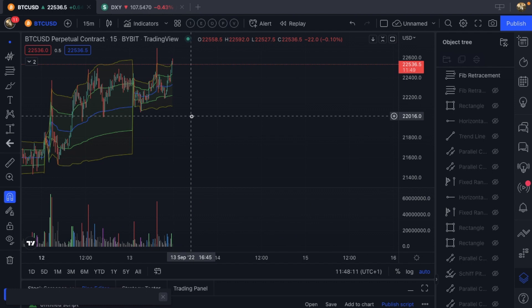The short I took on September 6th — I took profits really quickly, because although I wanted lower, what I want and what happens have nothing to do with reality. I took some profits relatively quickly, moved my stop loss up to break even, and then it just turned into a mega trade. Great trading last week, and great trading this week too.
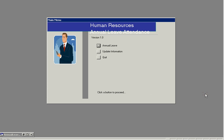And there you have it, the Human Resources Annual Leave Attendance for Microsoft Access available now from the website.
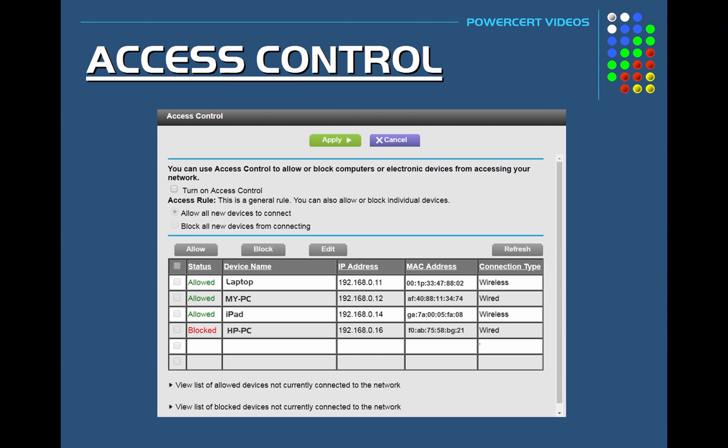There's one more method called access control, or MAC filter. With this option you can either allow or block devices from joining your network. Every network adapter has a MAC address, which is a hexadecimal number that uniquely identifies each device on a network. When a device is blocked, it can only get an IP address from the router but cannot communicate with other devices or connect to the internet. Access control is an extra layer of security in addition to your Wi-Fi password and it also applies to wired devices.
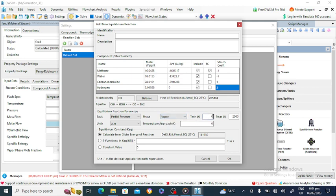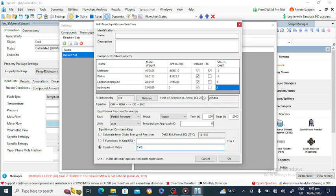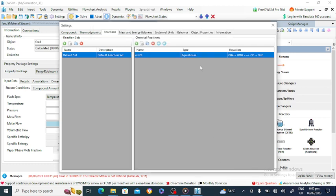The minimum temperature is 200 Kelvin and the maximum is 2000 Kelvin. The temperature approach is okay. The calculation is based on Gibbs free energy. The equilibrium constant value is 0.45. The delta G at 25 degrees C is given. The heat of reaction value at 25 degrees centigrade is shown here in kilojoules per kilomole. You can name this reaction, then click OK. The reaction is now defined.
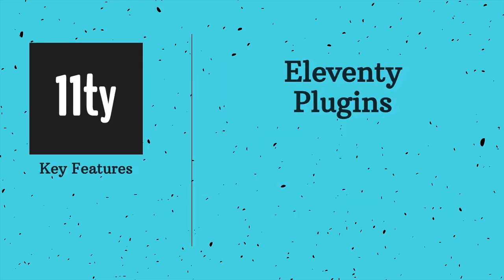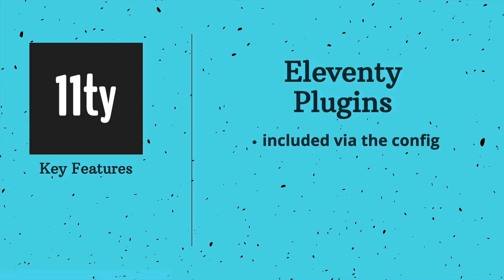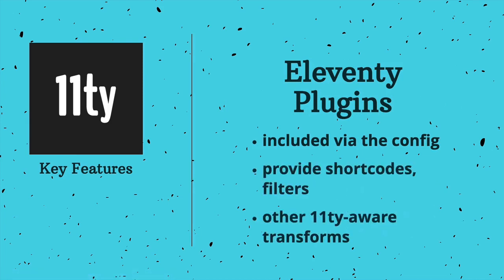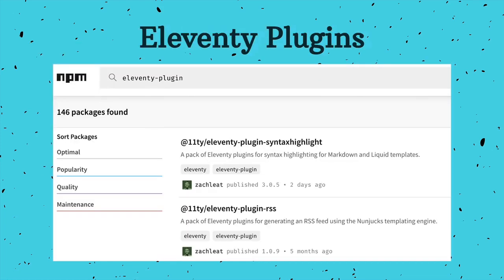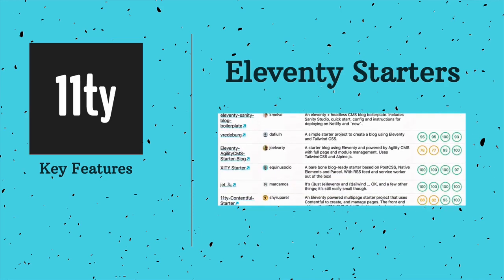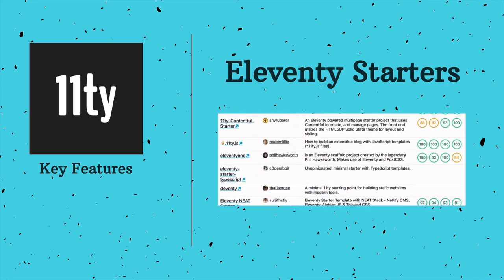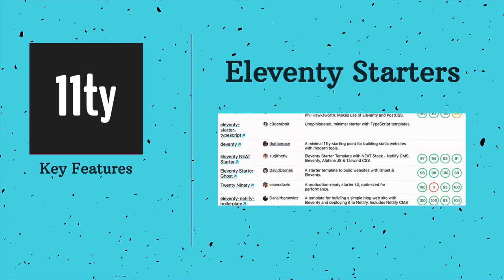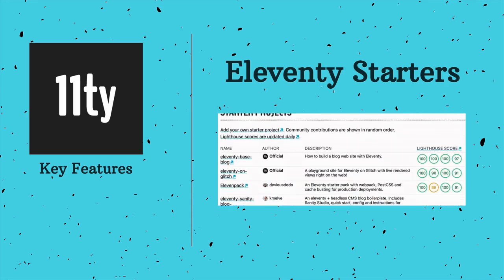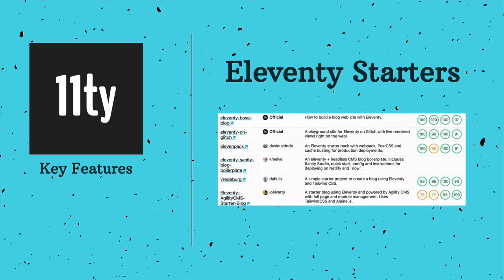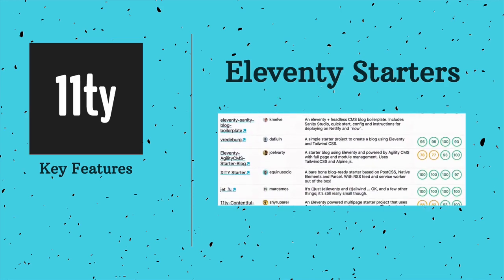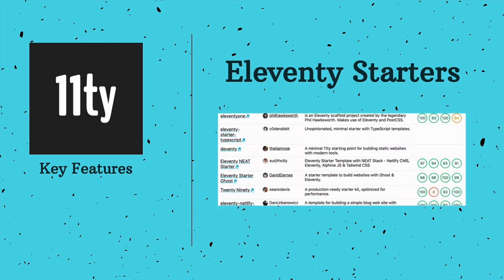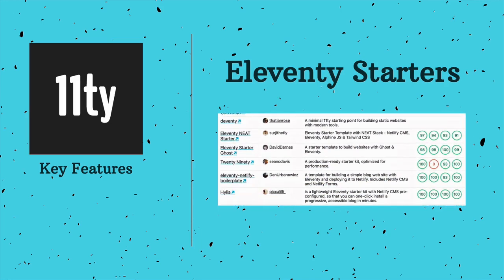There's also a fledgling plugin ecosystem and plugins come in as packages that are included via the config. They range in complexity, but most provide access to shortcodes, filters, or other types of transforms that have the advantage of already being aware of how Eleventy works. The best way currently to discover all Eleventy plugins is to search by the tag eleventy-plugin on NPM. Where some platforms have the concept of themes, Eleventy uses the term starter, and there is a growing collection to choose from. With 10 templating languages available, there are many opinions of how things should be done, so you're sure to find one to help you get off the ground.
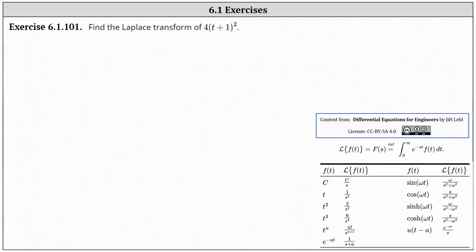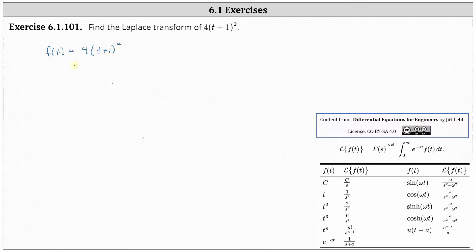We're asked to find the Laplace transform of four times the square of t plus one. To begin, the given function is little f of t. So we have little f of t, and for the next step, we will expand f of t.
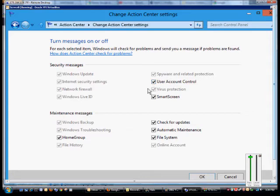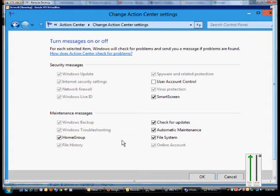So if you want to turn messages off for User Account Control, for instance, that prompts you for administrator access all the time, you can uncheck it from here. Smart Screen, check for updates, that kind of thing. Also home groups as well. And then when you're done, just go ahead and click OK.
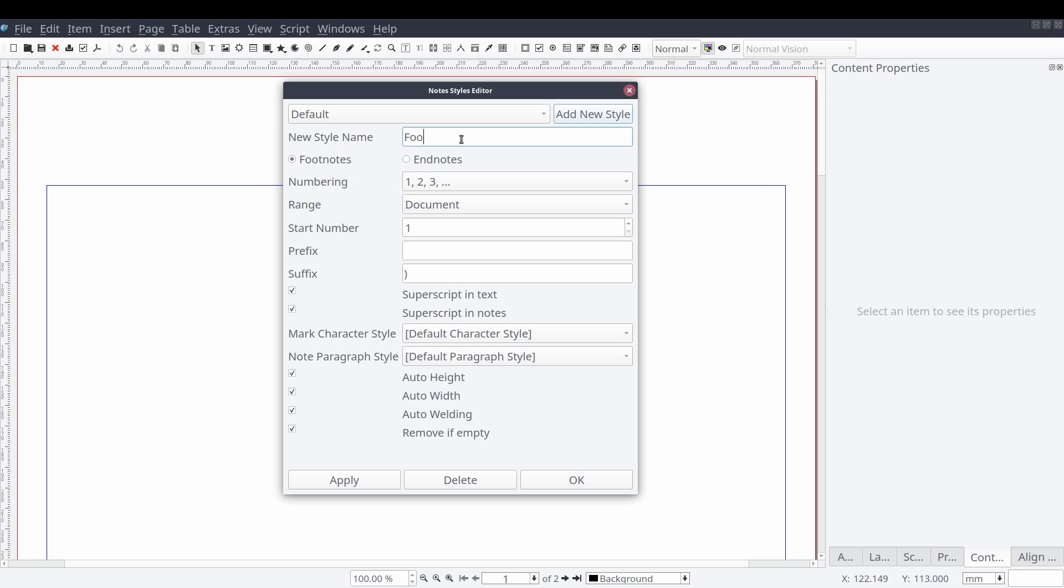We'll leave the next item set to footnotes and the following numbering, range, and start number can remain at their default value. We'll be adding a prefix character and the remaining values will keep the same. And then we'll select the apply button.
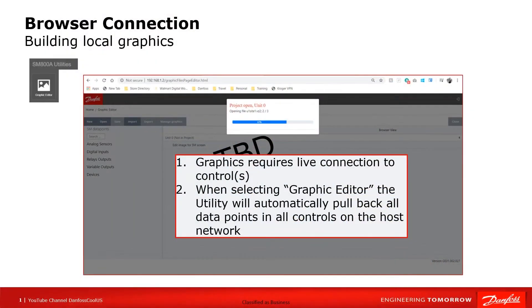Hi, I'm Keith Bachman, Danfoss MS Trainer, and in today's video we'll be discussing the details of both building and using local on-screen web graphics of the SM800A. In a different video we focused on web graphics. On this video we'll be focused on local graphics, local meaning at the control.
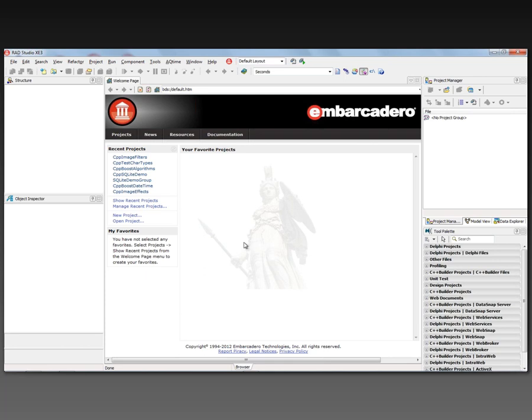Up until now we've been using C++ Builder and FireMonkey to build different kinds of example applications, building them for 32-bit Windows and Macintosh and for 64-bit Windows. In this video we're going to create a C++ Builder XE3 64-bit C++11 application — both a command line application and a FireMonkey Windows 8 application — so you can see how to get started if you want to use the C++11 language.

PROBLEM STATEMENT:
Once the pictures are set aside, give the listing again word for word.

SOLUTION TO THIS EXERCISE:
The short I took on September 6th — I took profits really quickly, because although I wanted lower, what I want and what happens have nothing to do with reality. I took some profits relatively quickly, moved my stop loss up to break even, and then it just turned into a mega trade. Great trading last week, and great trading this week too.
And there you have it, the Human Resources Annual Leave Attendance for Microsoft Access available now from the website.
There's one more method called access control, or MAC filter. With this option you can either allow or block devices from joining your network. Every network adapter has a MAC address, which is a hexadecimal number that uniquely identifies each device on a network. When a device is blocked, it can only get an IP address from the router but cannot communicate with other devices or connect to the internet. Access control is an extra layer of security in addition to your Wi-Fi password and it also applies to wired devices.
The minimum temperature is 200 Kelvin and the maximum is 2000 Kelvin. The temperature approach is okay. The calculation is based on Gibbs free energy. The equilibrium constant value is 0.45. The delta G at 25 degrees C is given. The heat of reaction value at 25 degrees centigrade is shown here in kilojoules per kilomole. You can name this reaction, then click OK. The reaction is now defined.
There's also a fledgling plugin ecosystem and plugins come in as packages that are included via the config. They range in complexity, but most provide access to shortcodes, filters, or other types of transforms that have the advantage of already being aware of how Eleventy works. The best way currently to discover all Eleventy plugins is to search by the tag eleventy-plugin on NPM. Where some platforms have the concept of themes, Eleventy uses the term starter, and there is a growing collection to choose from. With 10 templating languages available, there are many opinions of how things should be done, so you're sure to find one to help you get off the ground.
We're asked to find the Laplace transform of four times the square of t plus one. To begin, the given function is little f of t. So we have little f of t, and for the next step, we will expand f of t.
So if you want to turn messages off for User Account Control, for instance, that prompts you for administrator access all the time, you can uncheck it from here. Smart Screen, check for updates, that kind of thing. Also home groups as well. And then when you're done, just go ahead and click OK.
We'll leave the next item set to footnotes and the following numbering, range, and start number can remain at their default value. We'll be adding a prefix character and the remaining values will keep the same. And then we'll select the apply button.
Hi, I'm Keith Bachman, Danfoss MS Trainer, and in today's video we'll be discussing the details of both building and using local on-screen web graphics of the SM800A. In a different video we focused on web graphics. On this video we'll be focused on local graphics, local meaning at the control.
Up until now we've been using C++ Builder and FireMonkey to build different kinds of example applications, building them for 32-bit Windows and Macintosh and for 64-bit Windows. In this video we're going to create a C++ Builder XE3 64-bit C++11 application — both a command line application and a FireMonkey Windows 8 application — so you can see how to get started if you want to use the C++11 language.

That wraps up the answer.